Dossier : IMM-4140-99

ENTRE:


     Alexandre AVERINE,

     Larisa AVERINA,

        

     Partie demanderesse

ET:

     LE MINISTRE DE LA CITOYENNETÉ ET DE L'IMMIGRATION,


     Partie défenderesse


     MOTIFS DE L'ORDONNANCE


LE JUGE TEITELBAUM

INTRODUCTION

[1]      Il s'agit d'un contrôle judiciaire à l'encontre de la décision de la Section du statut de réfugié de la Commission de l'immigration et du statut de réfugié (le "tribunal"). Le tribunal, par le biais de sa décision en date du 27 juillet 1999, a déterminé que le demandeur n'était pas un réfugié au sens de la Convention.



FAITS

[2]      Le demandeur craint la persécution en raison de sa nationalité russe et ses opinions politiques imputés.1 Son épouse base sa revendication en raison de son appartenance à un groupe social particulier, la famille.

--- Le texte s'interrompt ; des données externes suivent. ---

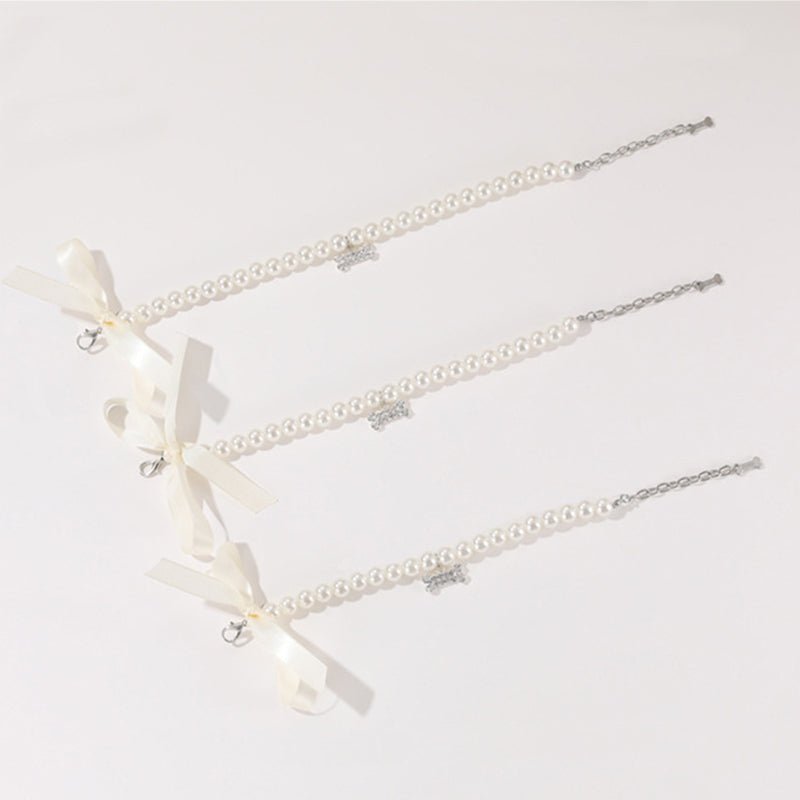 Pearl Jewelry with Bow Dog & Cat Necklace - PIKAPIKA
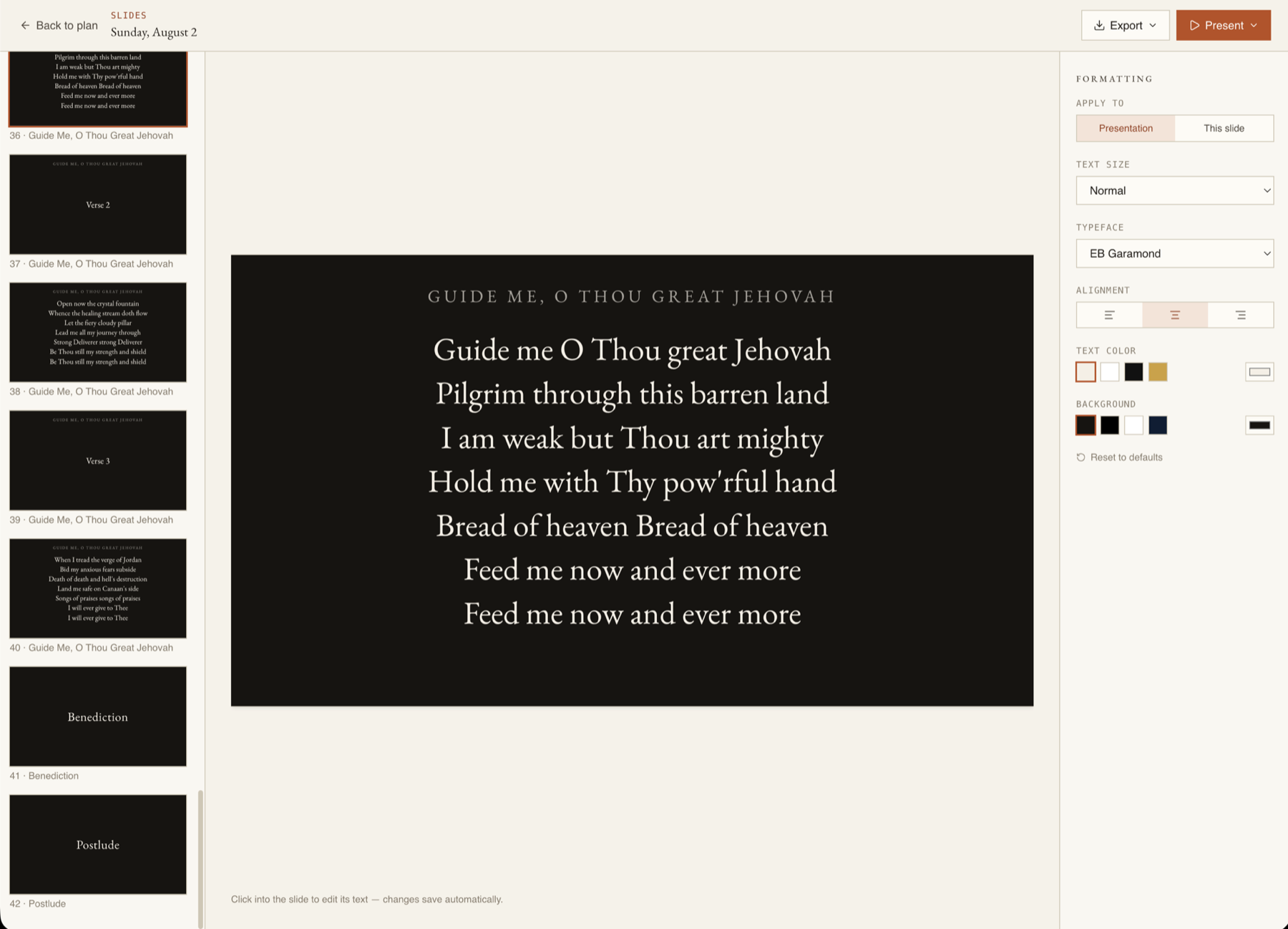 A hymn slide prepared in Liturgos, displaying Guide Me, O Thou Great Jehovah.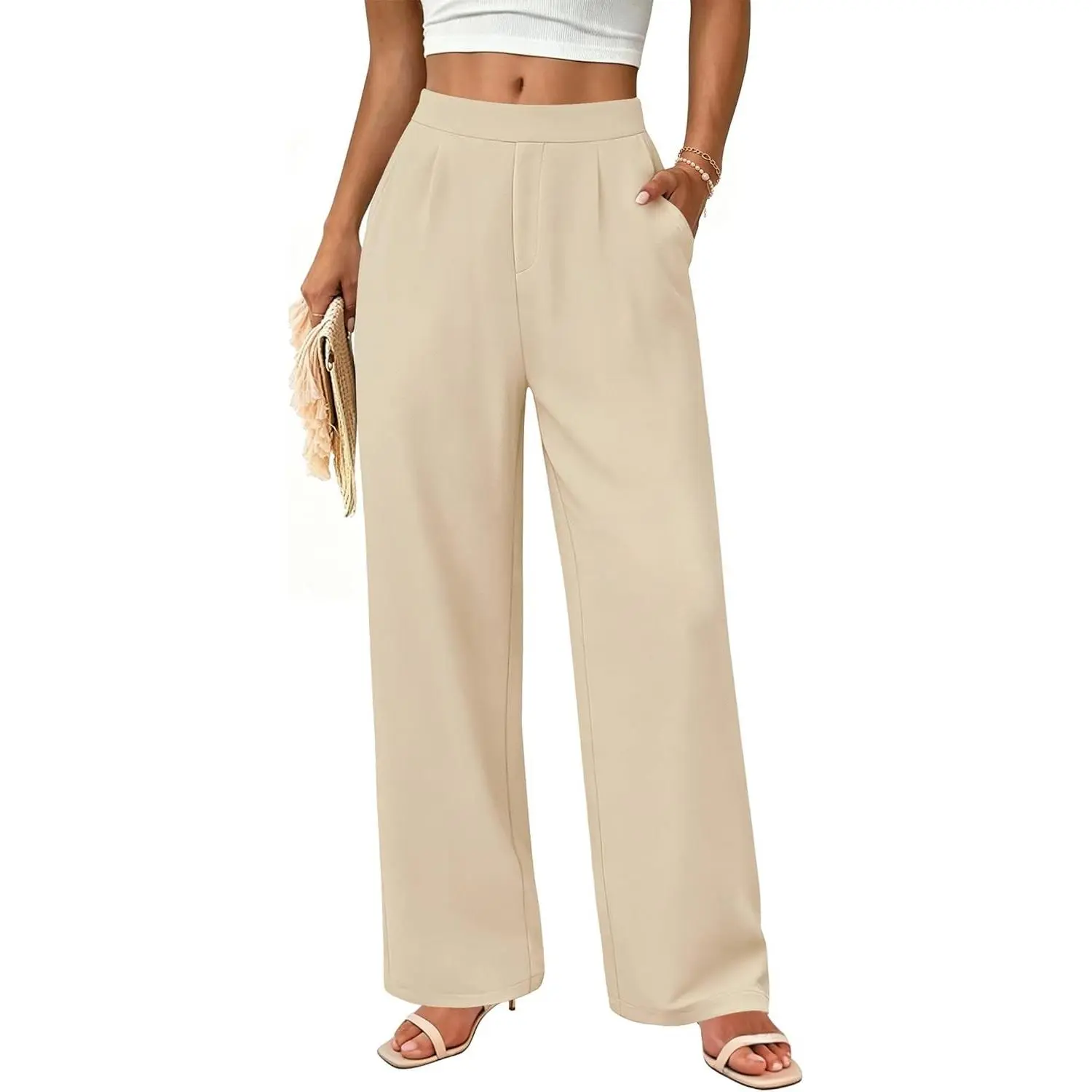 Women's High Waisted Loose Fit Palazzo Pants - Multi-Size Summer Flowy Beach Wear Trousers with Pockets, Business Casual Outfits Dress Pants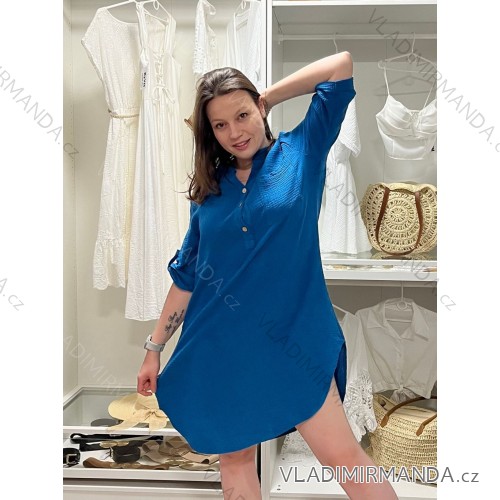 Short Sleeve Shirt Dress women (uni L-2XL) ITALIAN MODA IMS20002 modrá petrolejová 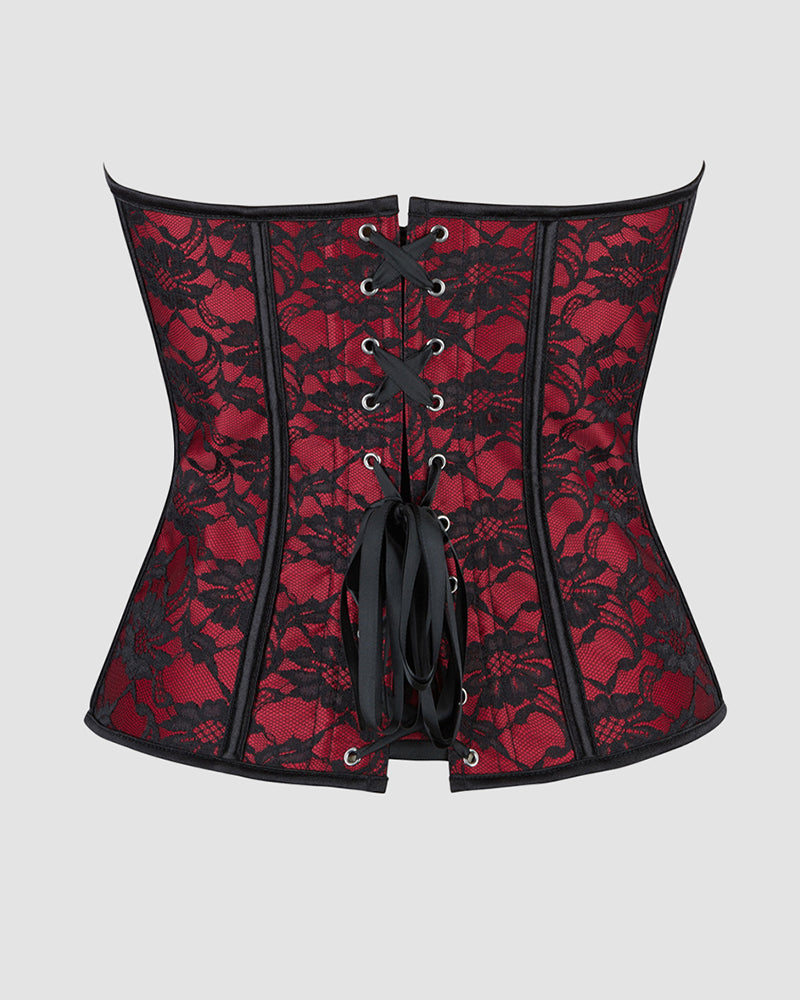 1950s 12 Boned Cotton Laceless Dark Red Corset
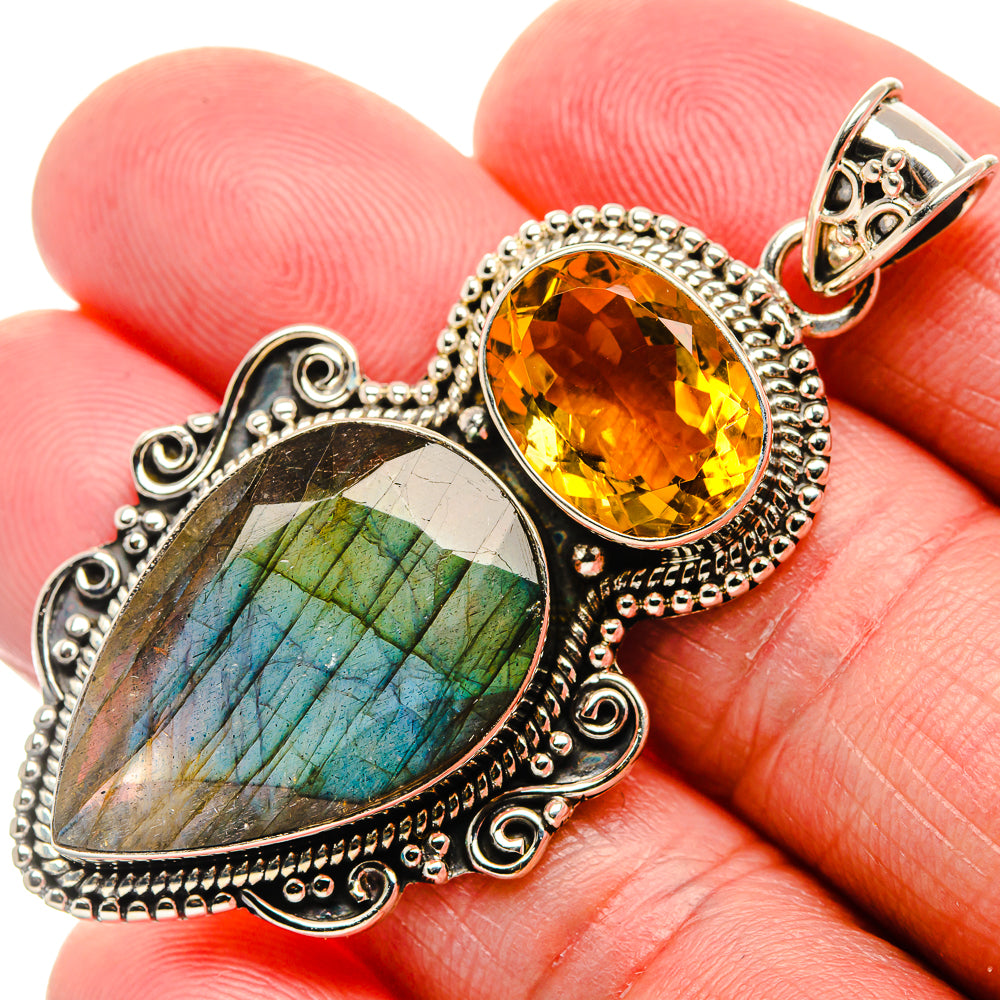 Labradorite, Citrine Pendant 2 1/4" (925 Sterling Silver) PD37337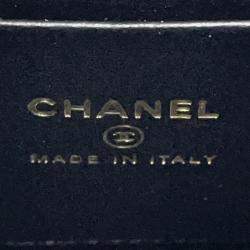 Pre Owned Chanel Matelasse Pearl Handle Chain Shoulder Bag Black Lambskin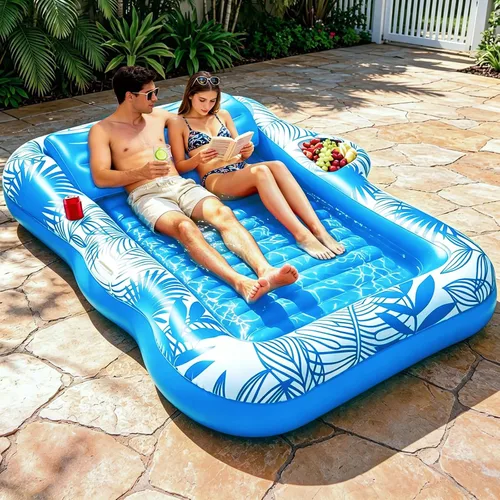 Vista 8 de Flotador inflable de 78 x 50 pulgadas para piscina con aspersor, flotadores de piscina extra grandes para adultos con almohada 6 en 1, flotador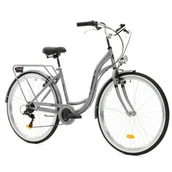 Rowery - Rower miejski INDIANA Moena S7B 28 cali damski Srebrny - miniaturka - grafika 1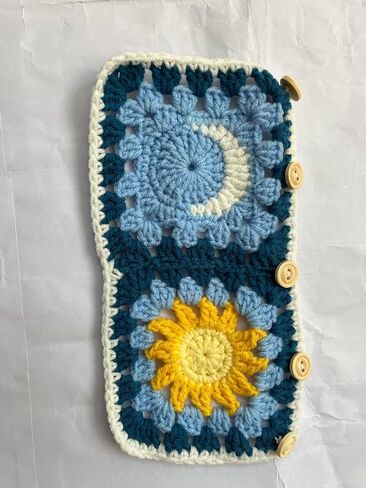 Crochet Car Seat Belt Cover Pads,Cute Car Mirror Rainbow,Car Interior Accessories Decorations for Women (Sunflower) in Saudi Arabia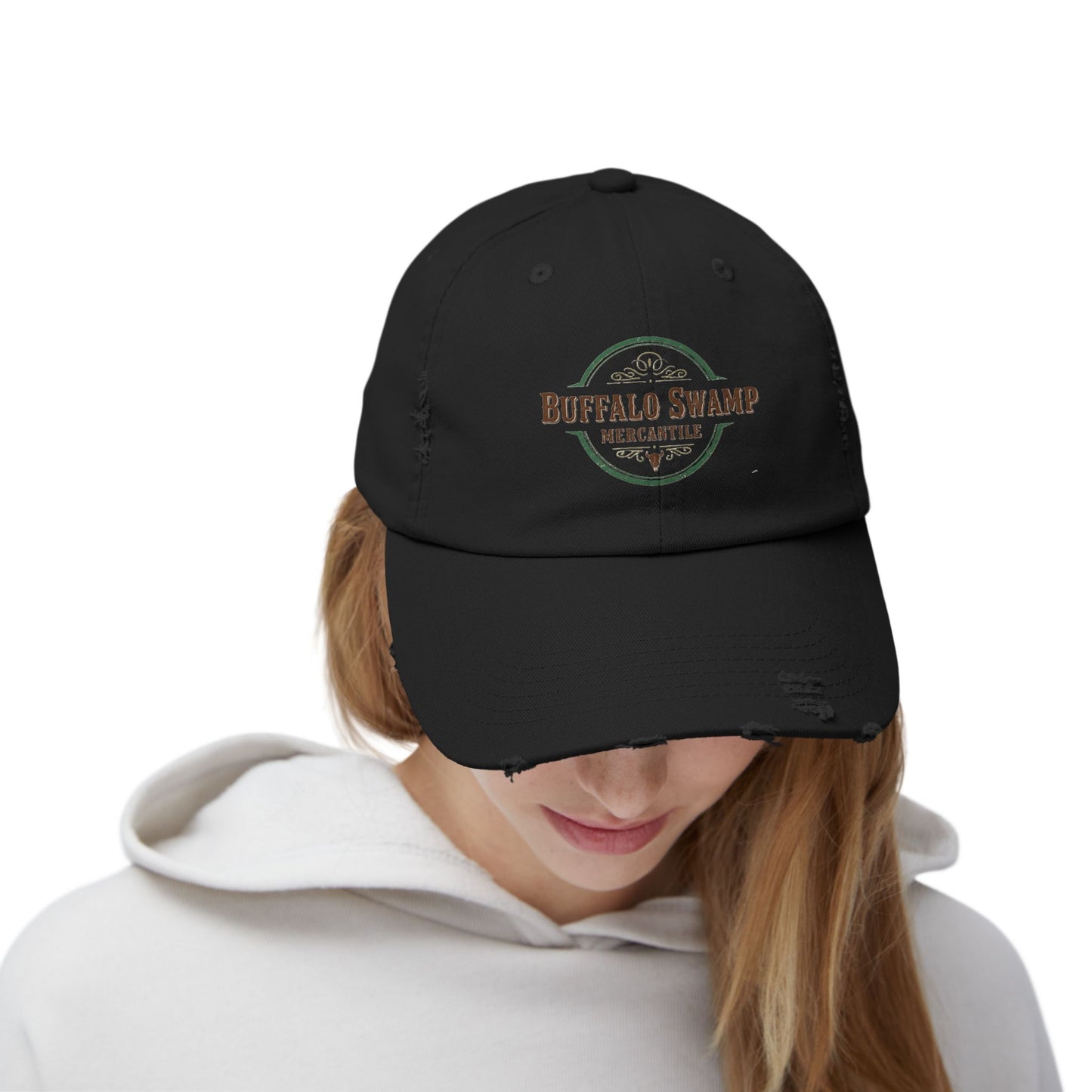 Distressed Buffalo Swamp Mercantile Logo Cap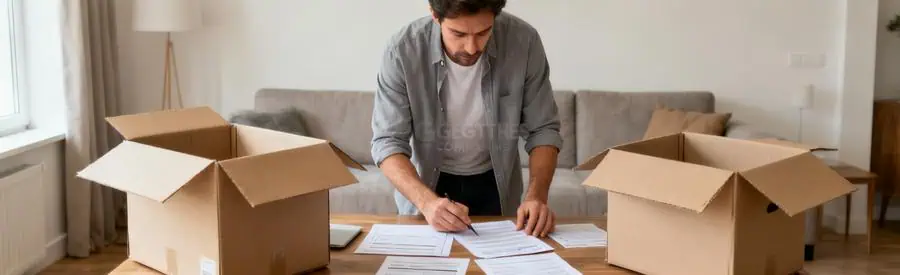 Homme comparant plusieurs offres de déménagement dans le Haut-Rhin avec des documents sur une table.
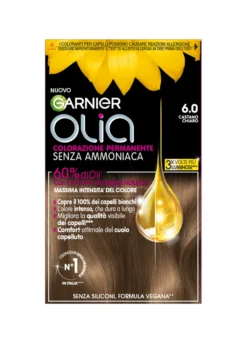 Garnier Tinta Capelli Olia, Colorazione permanente senza ammoniaca, copre il 100% dei capelli bianchi, Con oli di fiori di origine naturale, Castano Chiaro (6.0).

[3]      Le demandeur et son épouse sont des citoyens russes. En 1992, ils habitaient la République de la Géorgie lorsqu'une guerre civile a éclaté entre les forces géorgiennes et la région sécessionniste de l'Abkhazie.

[4]      En 1996, le demandeur aurait été appréhendé par les nationalistes abkhases et envoyé en Tchétchénie pour des travaux forcés. Lors de sa captivité, le demandeur aurait entendu les Tchétchènes citer les noms de deux officiers de l'armée russe avec lesquels ils trafiquaient des armes de guerres. Le demandeur s'est évadé et a retrouvé sa famille à Kalouga (Russie) au printemps de 1998. Il importe de noter qu'à compter du printemps 1998, le demandeur n'était plus en Tchétchénie.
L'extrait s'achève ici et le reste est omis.